在老年协会无法组织活动的严冬,老年人只得自行排解寂寞。男性聚会吃饭喝酒,女性则做家务、看韩剧、打麻将。相比起来,当地汉族的老年协会只是一个“空壳子”。由于大多数朝鲜族老人可以依靠子女从韩国的汇款生活,他们几乎都不再从事经济效益相对低下的农业生产,在移民中国初期和建国后分得的土地也基本都转让给当地汉族农民进行耕种,对韩国现代文化的追附及更加城市化的身份认同日益替代掌握精湛水稻种植技术的农民身份,成为留守老人的文化资本。而与此同时,从承接土地到掌握原先朝鲜族的种植技术,留守当地的汉族老年人却更多地投入农事劳动,忙于生计,无暇组织娱乐活动。在朝鲜族老年协会娱乐活动更加丰富和物质生活日益优渥的表象之下,反而更体现了朝鲜族留守老人的寂寞、无助与矛盾。在对追认民族身份的希冀,对现代化生活的追求,和留守落后闭塞的中国东北农村的现实矛盾的漩涡中,朝鲜族老人的生活显得尤为空洞。当这种孤独与病痛纠缠在一起,东北农村漫长的冬天显得更加萧瑟。
在访谈中,笔者无数次听到朝鲜族老人表达对肢体病痛的恐惧及内心的无助感,心脏病、关节炎、风湿、中风等常见的老年人疾病在这里的发病率非常高。有助于朝鲜族进行跨国流动的语言优势,在留守老人这里却成为导致无法及时就医的语言障碍--除了地方领导或精英能熟练掌握汉语并流利沟通外,大部分人只能听懂一部分汉语。即便在韩国的子女会时常从韩国给他们邮寄各种保健品、药品,但这种跨国流动带来的些许支持在留守老人的实际生活中,帮助几乎是微乎其微的,大多数人只得默默承受家庭缺失和疾病带来的痛苦。
由于缺少子女的陪伴,老人们对死亡的恐惧更加被放大--受访的所有老人都觉得自己将无可避免孤独地死去,他们远在韩国的子女是无法依赖的。尽管“孝”在朝鲜族的传统文化与家庭关系中是一个核心准则,然而在这种大规模流动对传统家庭结构带来的冲击之下,处于边缘地区的朝鲜族家庭面临着比汉族更加严重的传统解构的局面。脆弱的留守老人只得彼此团结、依赖,他们是彼此的唯一保障。

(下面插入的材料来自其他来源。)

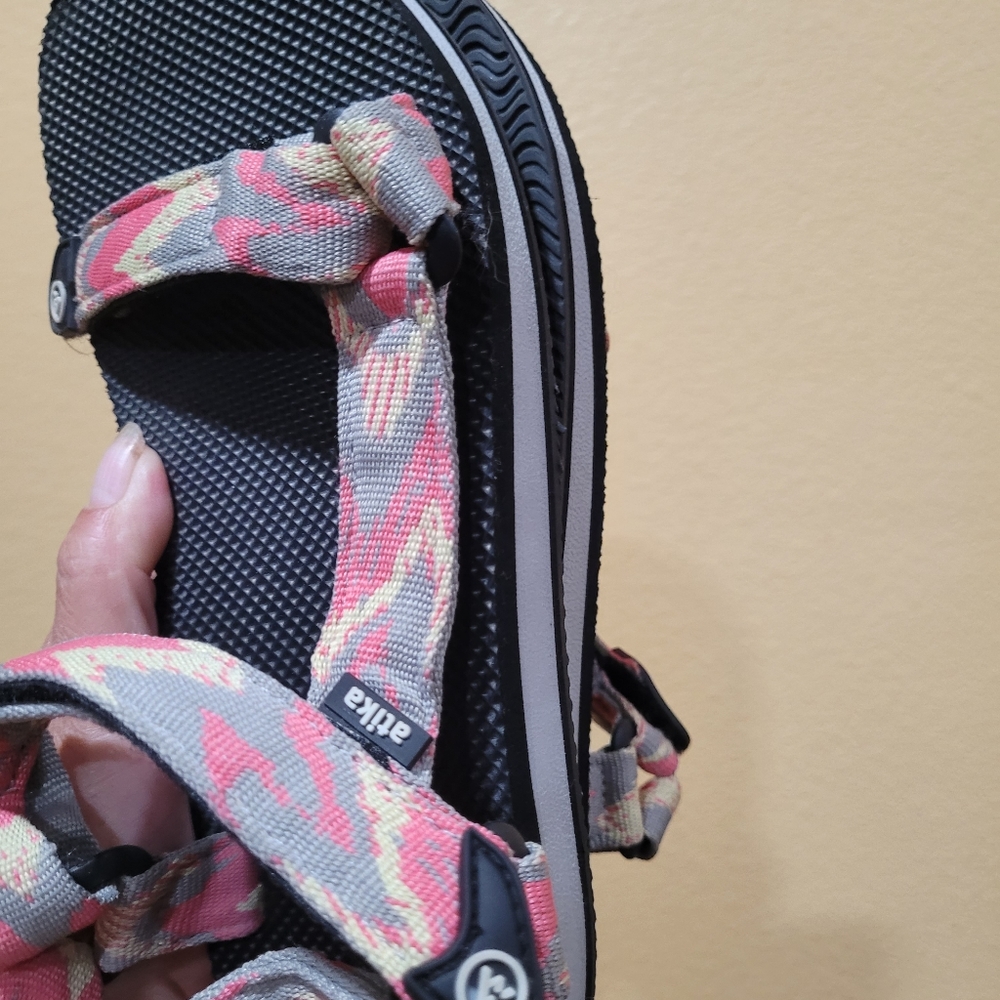Atika sandals - Picture 11 of 12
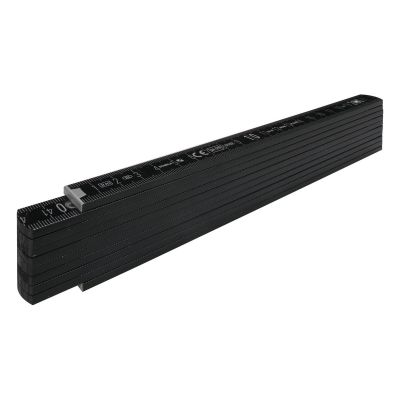 GLORIA - Wooden Stabila foldable ruler 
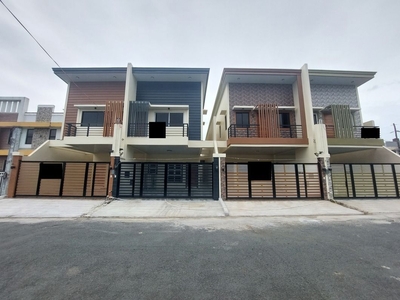 Brand New Town House For Sale In Paranaque on Carousell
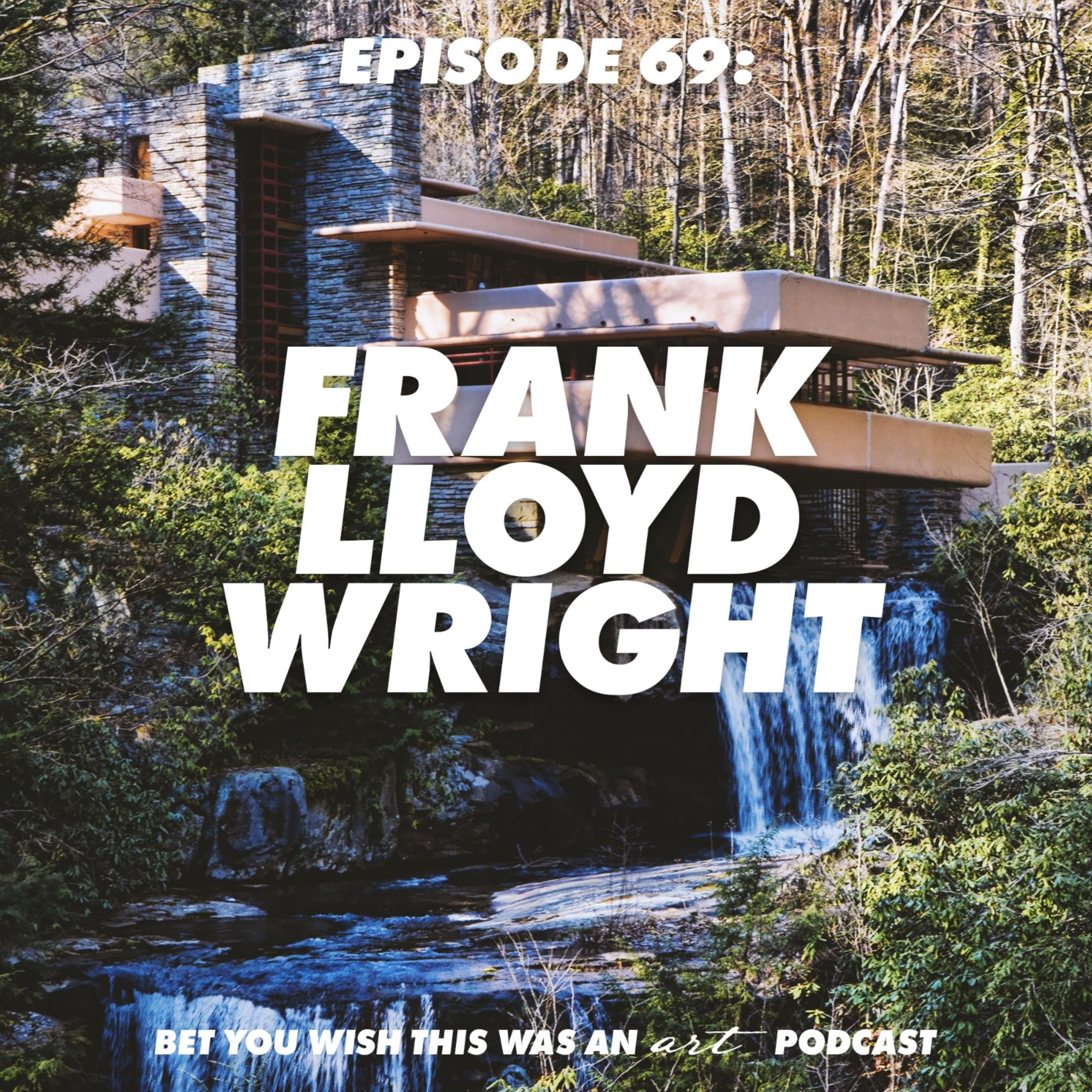 Bet You Wish This Was An Art Podcast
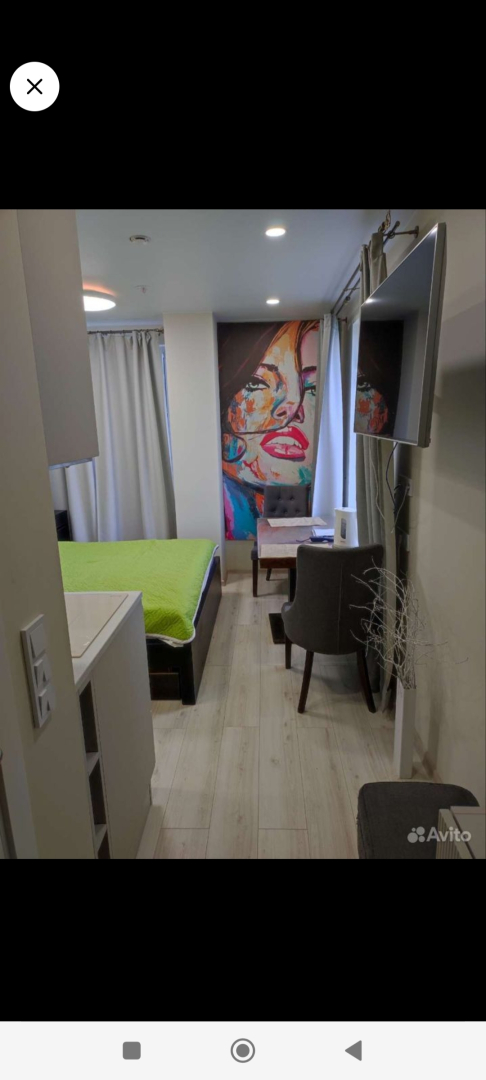 Апартаменты Апартамент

除了无法从亲人身上得到慰藉之外,如前所述,这些老人传统上与土地的紧密联系也被解构了,他们并未能在中国东北农村的土地上寻得安慰和归属感,已经脱离土地的他们,成为了一群游离在土地之外的农村人口。他们放弃了水稻的耕种并将土地承包给当地汉族农民。而自朝鲜人进入中国以来,种植水稻一直是他们最主要的生存、生产方式,东北近代水田的开发也得益于朝鲜人在水稻技术和农田拓展上的贡献。而由于朝鲜族农村劳动力的极度流失,至今在笔者调查的华原镇,上万亩朝鲜族的水田已经全部转让,换来朝鲜族老人每亩每年600元的收入。
虽然如今朝鲜族与汉族承包户之间保持着友好的合作关系(他们选择将土地以村为单位承包给知根知底、信誉良好的汉族邻居),但由于土地转交后得以较为集中地管理耕种,机械化耕作也逐渐代替原先的手工劳作,人工成本减少,产量也得到提高。因而“东北大米”这个曾经由朝鲜族打造出口碑的文化资本和农业知识技术资源,现在也被完全转交给了曾种植旱田作物的汉族农民。种植水稻的杰出农耕技术不再是划分朝汉边界的标识,而完全被汉族重新吸纳。水田的转让也正是朝鲜族半世纪以来在中国东北无法在地化的困境缩影,是其对自己的民族身份,以及对中国土地的归属感进行重新认知的一种举措。